Polishing the Rock

Polishing the Rock

The renovation will bring the office building up to date and improve its energy efficiency. The art deco design of the exterior will remain.
Courtesy KPF

With Hudson Yards steadily rising on Manhattan’s West Side, Kohn Pedersen Fox (KPF)—the firm leading the project—is turning its attention to one of Manhattan’s other mega developments, albeit a much older one: Rockefeller Center. KPF is working on a top-to-bottom overhaul of 75 Rockefeller Plaza, a landmarked structure built in 1947 by Carson & Lundin Architects. The unveiling of KPF’s plan comes about one year after RXR Realty acquired a 99-year leasehold on the property. The company is now aggressively marketing the 33-story office building to prospective tenants with a slick new website.
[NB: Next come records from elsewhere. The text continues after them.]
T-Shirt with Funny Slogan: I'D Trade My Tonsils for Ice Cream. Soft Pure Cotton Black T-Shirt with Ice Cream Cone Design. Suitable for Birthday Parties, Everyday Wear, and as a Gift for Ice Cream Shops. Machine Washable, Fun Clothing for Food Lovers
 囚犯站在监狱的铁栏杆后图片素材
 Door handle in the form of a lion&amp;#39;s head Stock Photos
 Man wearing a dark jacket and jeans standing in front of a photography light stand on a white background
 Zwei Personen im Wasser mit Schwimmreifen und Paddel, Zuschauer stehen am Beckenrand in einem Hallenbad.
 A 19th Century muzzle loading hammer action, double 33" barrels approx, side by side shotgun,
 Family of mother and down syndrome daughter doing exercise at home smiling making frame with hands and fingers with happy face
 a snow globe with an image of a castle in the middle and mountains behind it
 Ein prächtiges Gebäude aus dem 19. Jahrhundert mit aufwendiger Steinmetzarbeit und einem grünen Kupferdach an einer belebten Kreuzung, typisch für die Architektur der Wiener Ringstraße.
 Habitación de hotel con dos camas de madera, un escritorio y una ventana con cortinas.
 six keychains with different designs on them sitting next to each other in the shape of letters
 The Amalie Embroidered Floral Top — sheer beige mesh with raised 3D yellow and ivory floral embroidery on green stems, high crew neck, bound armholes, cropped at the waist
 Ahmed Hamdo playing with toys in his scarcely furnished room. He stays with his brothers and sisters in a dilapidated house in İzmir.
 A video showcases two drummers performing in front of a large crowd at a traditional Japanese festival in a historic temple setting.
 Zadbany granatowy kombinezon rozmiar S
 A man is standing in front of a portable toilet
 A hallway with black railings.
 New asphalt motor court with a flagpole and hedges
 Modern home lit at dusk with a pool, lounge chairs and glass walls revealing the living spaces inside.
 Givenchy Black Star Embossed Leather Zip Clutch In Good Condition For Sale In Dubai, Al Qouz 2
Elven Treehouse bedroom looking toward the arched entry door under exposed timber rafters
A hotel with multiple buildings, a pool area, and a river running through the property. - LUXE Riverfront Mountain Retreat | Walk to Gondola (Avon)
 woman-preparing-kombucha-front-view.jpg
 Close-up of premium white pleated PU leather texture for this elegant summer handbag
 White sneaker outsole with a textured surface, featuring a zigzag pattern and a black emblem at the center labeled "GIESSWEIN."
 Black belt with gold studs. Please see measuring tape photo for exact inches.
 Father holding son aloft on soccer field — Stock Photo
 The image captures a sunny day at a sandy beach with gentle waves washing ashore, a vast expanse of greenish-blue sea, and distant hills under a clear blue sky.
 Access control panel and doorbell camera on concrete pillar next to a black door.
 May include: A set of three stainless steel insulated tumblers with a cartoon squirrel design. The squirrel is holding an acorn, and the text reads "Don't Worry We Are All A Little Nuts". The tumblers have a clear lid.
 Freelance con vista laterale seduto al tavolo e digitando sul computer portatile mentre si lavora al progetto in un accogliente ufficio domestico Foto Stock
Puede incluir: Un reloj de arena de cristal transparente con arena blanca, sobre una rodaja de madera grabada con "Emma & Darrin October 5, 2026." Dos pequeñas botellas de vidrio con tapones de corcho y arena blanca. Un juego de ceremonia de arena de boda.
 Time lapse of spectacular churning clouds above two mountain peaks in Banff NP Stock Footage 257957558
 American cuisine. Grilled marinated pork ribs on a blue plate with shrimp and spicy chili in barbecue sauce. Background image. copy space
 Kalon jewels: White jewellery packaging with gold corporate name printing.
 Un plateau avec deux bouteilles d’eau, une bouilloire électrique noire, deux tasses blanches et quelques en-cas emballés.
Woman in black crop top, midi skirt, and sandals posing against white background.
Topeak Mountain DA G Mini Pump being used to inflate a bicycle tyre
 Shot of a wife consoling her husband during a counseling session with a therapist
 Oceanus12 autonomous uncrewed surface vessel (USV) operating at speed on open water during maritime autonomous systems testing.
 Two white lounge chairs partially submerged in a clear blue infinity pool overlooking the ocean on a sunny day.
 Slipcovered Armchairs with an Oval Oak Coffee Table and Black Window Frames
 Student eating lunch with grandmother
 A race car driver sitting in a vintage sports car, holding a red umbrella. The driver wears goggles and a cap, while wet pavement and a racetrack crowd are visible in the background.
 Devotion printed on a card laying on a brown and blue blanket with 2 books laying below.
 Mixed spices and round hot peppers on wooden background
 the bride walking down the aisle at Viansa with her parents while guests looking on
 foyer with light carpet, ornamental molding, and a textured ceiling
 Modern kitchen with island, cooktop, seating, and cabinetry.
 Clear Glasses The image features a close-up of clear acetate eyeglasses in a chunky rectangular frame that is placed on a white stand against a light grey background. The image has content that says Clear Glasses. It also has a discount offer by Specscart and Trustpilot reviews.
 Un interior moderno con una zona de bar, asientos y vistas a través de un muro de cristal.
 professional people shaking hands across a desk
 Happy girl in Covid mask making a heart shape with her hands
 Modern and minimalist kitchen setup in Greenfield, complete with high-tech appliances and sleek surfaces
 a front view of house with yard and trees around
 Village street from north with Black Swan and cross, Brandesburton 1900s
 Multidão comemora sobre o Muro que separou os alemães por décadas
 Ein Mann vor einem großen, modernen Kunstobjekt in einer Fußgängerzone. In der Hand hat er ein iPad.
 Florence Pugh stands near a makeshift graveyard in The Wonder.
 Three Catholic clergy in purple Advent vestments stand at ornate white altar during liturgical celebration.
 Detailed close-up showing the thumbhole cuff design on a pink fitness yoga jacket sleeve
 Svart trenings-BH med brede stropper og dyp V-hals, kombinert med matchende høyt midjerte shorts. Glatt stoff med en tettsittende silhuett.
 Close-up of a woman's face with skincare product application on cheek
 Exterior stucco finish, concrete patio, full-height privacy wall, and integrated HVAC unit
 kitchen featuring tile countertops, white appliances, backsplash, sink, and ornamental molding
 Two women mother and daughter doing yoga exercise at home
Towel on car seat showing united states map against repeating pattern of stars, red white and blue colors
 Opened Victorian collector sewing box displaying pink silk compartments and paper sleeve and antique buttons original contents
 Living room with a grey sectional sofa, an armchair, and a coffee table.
At ground level, KPF revamps the building’s double-height glazed base that is set to house retail, restaurants, and entrances into the tower. On the 51st Street side, which looks onto Rockefeller Plaza, the firm slots a new and significant curved bronze panel between the glass walls.

 

Inside, the building’s new block-through lobby reads as a throwback to 1940s art deco with its terrazzo floors, marble columns, and walls clad in marble and limestone. The concierge desk and elevators, that are both cast in bronze, help complete the theme.  

 

The renovation of 75 Rockefeller Plaza also comes with new private terraces complete with seating areas, planters, and green roofs. Above the glassy retail base, two private terraces are connected through a glass-enclosed walkway. The interiors will also be renovated as class-A office space. RXR has drawn up new floor plans to try to lure prospective tenants to the tower.

To achieve LEED Gold certification for the building, KPF is updating the mechanicals from the inside out, including new elevators, HVAC and electrical systems. It will also be configured to collect rainwater for irrigating the terraces.

The structure’s limestone and cast aluminum facade will also be cleaned, new insulation will be added, and old windows will be swapped out for more energy efficient replacements.